ClimateGate news

Wednesday, October 3, 2007

The Money and Connections Behind Al Gore’s Carbon Crusade


For Al Gore, the business of climate change is all about the money. Here's a great article by Deborah Corey Barnes at Human Events.com

Al Gore’s campaign against global warming is shifting into high gear. Reporters and commentators follow his every move and bombard the public with notice of his activities and opinions. But while the mainstream media promote his ideas about the state of planet Earth, they are mostly silent about the dramatic impact his economic proposals would have on America. And journalists routinely ignore evidence that he may personally benefit from his programs. Would the romance fizzle if Gore’s followers realized how much their man stands to gain?
There's nothing new about Gore's profit motives concerning carbon trading, but Barnes lays out the details very thoroughly in her article.
Gore’s Circle of Business

Al Gore is chairman and founder of a private equity firm called Generation Investment Management (GIM). According to Gore, the London-based firm invests money from institutions and wealthy investors in companies that are going green. “Generation Investment Management, purchases -- but isn’t a provider of -- carbon dioxide offsets,” said spokesman Richard Campbell in a March 7 report by CNSNews.

GIM appears to have considerable influence over the major carbon-credit trading firms that currently exist: the Chicago Climate Exchange (CCX) in the U.S. and the Carbon Neutral Company (CNC) in Great Britain. CCX is the only firm in the U.S. that claims to trade carbon credits.

CCX owes its existence in part to the Joyce Foundation, the Chicago-based liberal foundation that provided $347,000 in grant support in 2000 for a preliminary study to test the viability of a market in carbon credits. On the CCX board of directors is the ubiquitous Maurice Strong, a Canadian industrialist and diplomat who, since the 1970s, has helped create an international policy agenda for the environmentalist movement. Strong has described himself as “a socialist in ideology, a capitalist in methodology.”

(...)

Along with Gore, the co-founder of GIM is Treasury Secretary and former Goldman Sachs CEO Hank Paulson. Last September, Goldman Sachs bought 10% of CCX shares for $23 million.
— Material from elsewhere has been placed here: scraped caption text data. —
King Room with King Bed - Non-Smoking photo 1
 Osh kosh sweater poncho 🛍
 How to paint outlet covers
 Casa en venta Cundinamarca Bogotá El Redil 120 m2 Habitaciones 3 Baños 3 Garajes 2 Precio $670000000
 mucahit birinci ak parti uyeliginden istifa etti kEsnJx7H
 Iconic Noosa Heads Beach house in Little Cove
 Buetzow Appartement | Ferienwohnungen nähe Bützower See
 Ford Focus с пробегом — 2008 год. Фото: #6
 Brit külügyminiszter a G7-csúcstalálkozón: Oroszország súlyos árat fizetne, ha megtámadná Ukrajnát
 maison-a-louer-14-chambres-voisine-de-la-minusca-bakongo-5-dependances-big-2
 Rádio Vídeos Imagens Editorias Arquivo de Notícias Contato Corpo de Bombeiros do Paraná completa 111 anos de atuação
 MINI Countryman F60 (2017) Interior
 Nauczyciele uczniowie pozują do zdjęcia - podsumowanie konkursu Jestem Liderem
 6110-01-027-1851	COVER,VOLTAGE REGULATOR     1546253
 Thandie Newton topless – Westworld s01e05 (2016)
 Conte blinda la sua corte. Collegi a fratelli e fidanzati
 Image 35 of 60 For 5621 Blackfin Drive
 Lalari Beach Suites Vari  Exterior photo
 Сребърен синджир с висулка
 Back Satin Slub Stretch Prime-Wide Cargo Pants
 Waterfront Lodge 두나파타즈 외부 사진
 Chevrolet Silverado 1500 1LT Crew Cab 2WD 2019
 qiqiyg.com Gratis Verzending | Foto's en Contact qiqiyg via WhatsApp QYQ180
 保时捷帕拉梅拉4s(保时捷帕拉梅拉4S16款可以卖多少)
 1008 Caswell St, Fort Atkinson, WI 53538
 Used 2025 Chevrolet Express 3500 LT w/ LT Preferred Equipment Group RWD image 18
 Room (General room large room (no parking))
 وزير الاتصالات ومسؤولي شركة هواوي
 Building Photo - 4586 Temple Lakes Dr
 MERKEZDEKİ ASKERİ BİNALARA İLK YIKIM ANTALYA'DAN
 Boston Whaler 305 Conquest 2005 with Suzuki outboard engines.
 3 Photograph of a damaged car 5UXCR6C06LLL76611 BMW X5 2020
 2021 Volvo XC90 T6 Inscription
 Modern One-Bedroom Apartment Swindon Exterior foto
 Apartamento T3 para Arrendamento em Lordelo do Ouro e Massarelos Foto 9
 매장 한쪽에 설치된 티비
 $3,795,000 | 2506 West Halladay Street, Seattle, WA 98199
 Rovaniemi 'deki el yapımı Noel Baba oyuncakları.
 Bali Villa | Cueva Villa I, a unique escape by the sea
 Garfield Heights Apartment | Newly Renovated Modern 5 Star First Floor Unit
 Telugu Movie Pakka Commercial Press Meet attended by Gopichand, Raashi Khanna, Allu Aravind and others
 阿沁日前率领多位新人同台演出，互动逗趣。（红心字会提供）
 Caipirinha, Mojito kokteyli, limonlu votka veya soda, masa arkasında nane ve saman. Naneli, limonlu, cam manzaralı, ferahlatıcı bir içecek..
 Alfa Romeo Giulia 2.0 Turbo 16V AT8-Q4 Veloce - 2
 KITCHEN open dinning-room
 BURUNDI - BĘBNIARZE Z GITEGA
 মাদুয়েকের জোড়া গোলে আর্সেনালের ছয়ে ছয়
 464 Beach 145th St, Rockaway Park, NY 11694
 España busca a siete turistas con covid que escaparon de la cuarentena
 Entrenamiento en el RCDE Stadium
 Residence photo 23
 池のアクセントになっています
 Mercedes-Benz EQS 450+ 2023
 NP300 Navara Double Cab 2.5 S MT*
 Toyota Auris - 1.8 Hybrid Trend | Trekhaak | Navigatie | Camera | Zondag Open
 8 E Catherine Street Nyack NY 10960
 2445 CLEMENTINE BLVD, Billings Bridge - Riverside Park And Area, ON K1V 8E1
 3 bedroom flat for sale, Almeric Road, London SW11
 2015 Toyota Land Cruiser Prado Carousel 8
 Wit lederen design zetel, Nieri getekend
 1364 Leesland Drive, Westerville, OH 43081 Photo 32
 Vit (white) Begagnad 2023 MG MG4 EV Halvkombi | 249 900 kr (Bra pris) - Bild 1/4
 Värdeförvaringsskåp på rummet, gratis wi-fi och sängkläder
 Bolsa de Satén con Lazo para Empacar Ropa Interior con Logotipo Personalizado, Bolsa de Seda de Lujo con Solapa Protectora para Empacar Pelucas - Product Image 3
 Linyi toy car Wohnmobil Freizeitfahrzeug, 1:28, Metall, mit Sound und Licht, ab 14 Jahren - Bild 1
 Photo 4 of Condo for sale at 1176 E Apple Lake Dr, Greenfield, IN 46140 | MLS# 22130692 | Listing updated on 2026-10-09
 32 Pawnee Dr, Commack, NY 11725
CCX owns half the ECX, so Goldman Sachs has a stake there as well.

GIM’s “founding partners” are studded with officials from Goldman Sachs. They include David Blood, former CEO of Goldman Sachs Asset Management (GSAM); Mark Ferguson, former co-head of GSAM pan-European research; and Peter Harris, who headed GSAM international operations. Another founding partner is Peter Knight, who is the designated president of GIM. He was Sen. Al Gore’s chief of staff from 1977-1989 and the campaign manager of the 1996 Clinton-Gore re-election campaign.

(...)

Front and Center

Clearly, GIM is poised to cash in on carbon trading. The membership of CCX is currently voluntary. But if the day ever comes when federal government regulations require greenhouse-gas emitters -- and that’s almost everyone -- to participate in cap-and-trade, then those who have created a market for the exchange of carbon credits are in a position to control the outcomes. And that moves Al Gore front and center. As a politician, Gore is all for transparency. But as GIM chairman, Gore has not been forthcoming, according to Forbes magazine.
This is only the start, you should read the rest.

There's more in my earlier post: Blood and Gore.

1 comment:

Anonymous said...

So Gore invests in companies that help to mitigate climate change and might make some profit out of it?

So what? Do you have to be a poor radical to have any credibility in the environmental space? The only way to effect real change is to harness the power of capitalism that underpinns the current Western way of life.

The point is that climate change is real, immediate and serious, so increasing awareness and providing commercial incentives are an effective and viable way to effect positive change.

Carbon offsetting isn't the solution, but it is certainly part of the solution, when we consider that we need to reduce emissions by 39GT (that's BILLION tonnes) just to stabilise them, by 2013. Even that might not prevent catastrophic effects from warming, but it will certainly help.

Pointing fingers and accusing those who are doing something about it, is certainly not the way to solve the problem. Gore has and still is doing tremendous good in raising public awareness and creating the momentum for positive action.

Or maybe we should just keep witc h-hunting, complaining and bitching while the planet goes to hell?